Early in his medical career, psychiatrist Paul Appelbaum had a patient who worried him.
"The patient was a young man in his early 20s who already had a long history of hospitalization for psychotic episodes," Appelbaum recalls.
The young man had dropped out of high school. He had no friends. He got into fights. He lived alone, in a boarding house.
"One day, he told me how the landlady at his boarding house where he lived had been harassing him and how angry he was," Appelbaum says, "and he said in no uncertain terms he was going to take her out."
At the time, Appelbaum didn't know what to do. Today, he heads the division of psychiatry, law and ethics at Columbia University.
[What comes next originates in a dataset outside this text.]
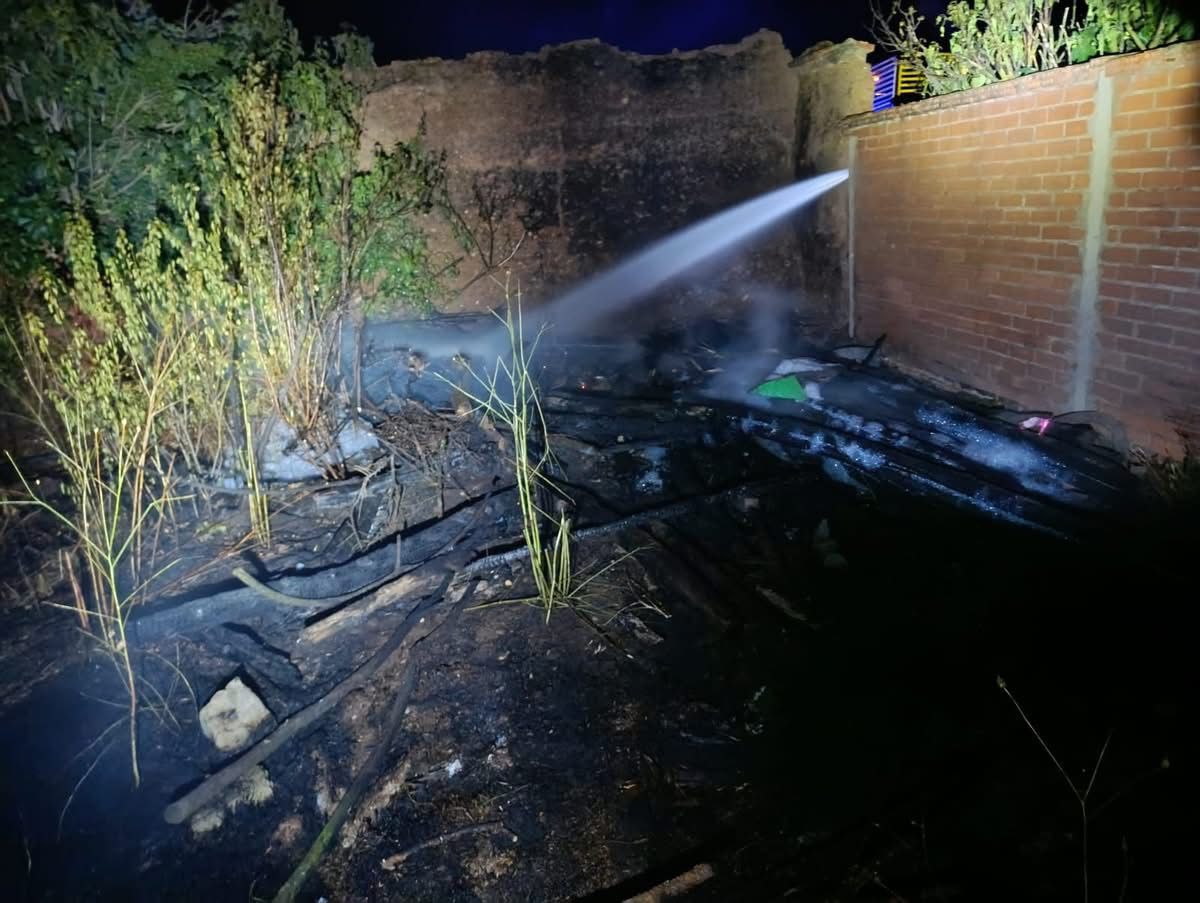 Imagen del incendio sofocado en Urdiales del Páramo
He knows that every psychiatrist faces the challenge of predicting violence.
"It's a routine part of psychiatric practice," he says. " I think every psychiatrist and every clinic in the country, and many psychiatrists in private offices, go through that process every day."
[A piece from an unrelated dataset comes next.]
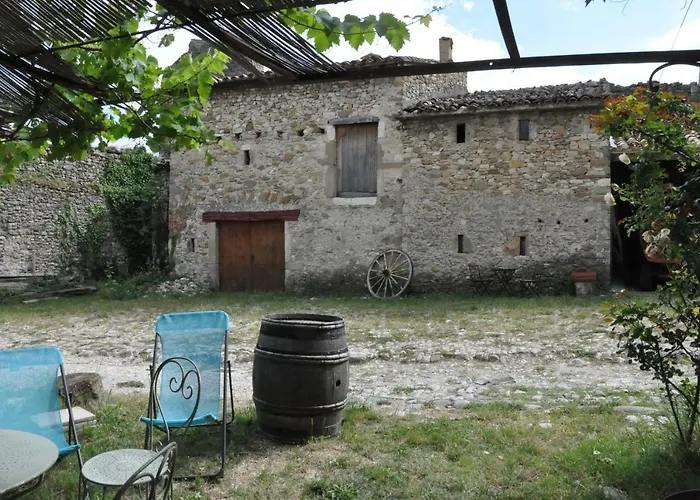 Du Château D'alençon Hébergement de vacances *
So how can you tell who is going to be violent?
There are risk factors: making threats; a history of being abused as a child; prior acts of violence. But there haven't been enough cases of violence to the degree of what happened in Blacksburg to develop a clear profile.
Forensic psychiatrist Phillip Merideth says you can predict who is at risk of committing violence. But you can't actually say who will.
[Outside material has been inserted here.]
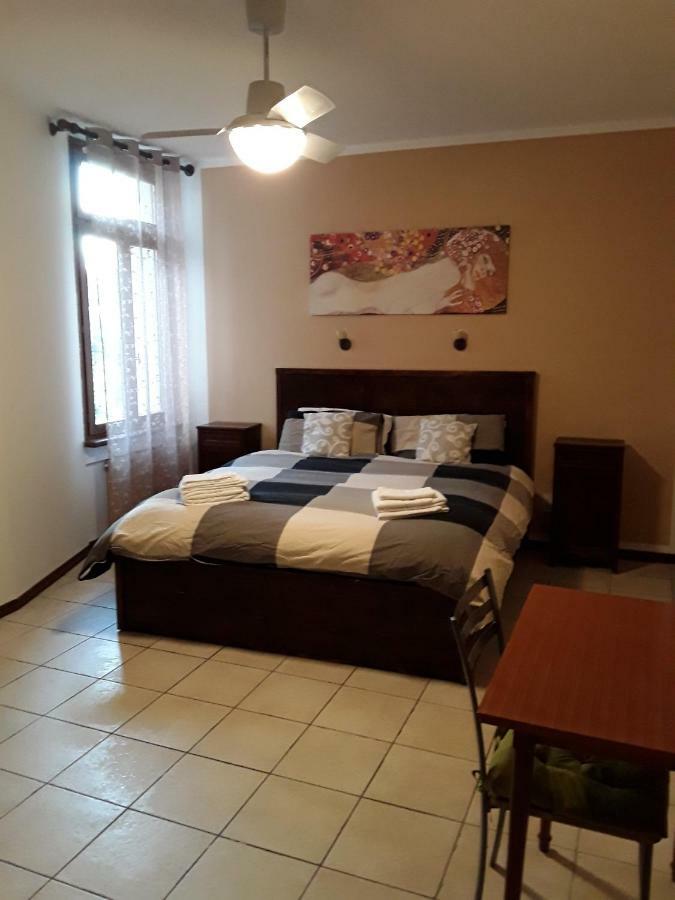 מאלצ'סינה Camere Porto Vecchio Con Parcheggio A Pochi Passi Dal Castello מראה חיצוני תמונה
"Psychiatric literature in the past has shown that efforts to predict — and I'm using the word predict in quotes — is no better than flipping a coin," Merideth says.
Merideth is a forensic psychiatrist and the chief medical office for Brentwood Behavioral Healthcare in Mississippi. He's also a lawyer who teaches about mental health and the law. He says patients' rights must be considered.
"The thing that I worry about is the deprivation of liberty that occurs with involuntary hospitalizing someone against their will, and balancing that against the protection of the public," Merideth says.
Recently, Merideth saw a student who was scaring classmates and teachers. The student had threatened others, so Merideth could have made a case for involuntary hospitalization.
But he didn't want to.
"I was worried that this student would go back to their educational setting and be ID'ed as a mental patient and be further socially isolated," he says, "and that might lead to an exacerbation of their psychiatric condition."
Merideth recommended the student be required to get outpatient care in order to remain in school. And much to his relief, it worked out.
Years ago, Appelbaum could have hospitalized the patient who threatened his landlady. But he, too, was worried about the patient's civil liberties when he had no way to prove the man would follow through on his threat.
And there was another factor.
"Psychiatric hospitalization is an expensive resource and a scarce one," Appelbaum says. "And to use it merely because we were afraid that he might represent some degree of threat at some point in the future would not be a good use of a hospital bed."
After consulting with a supervisor, Appelbaum called the landlady, in the presence of his patient, to warn her. The landlady said she wasn't scared.
"Meanwhile, my patient was sitting across the desk from me with a little bit of a smile on his face," he recalls.
Appelbaum realized his patient wasn't really planning on hurting his landlady. In this case, he just wanted the threat to be communicated. The fact is, it's easy to be suspicious of patients. But the vast majority don't hurt anyone.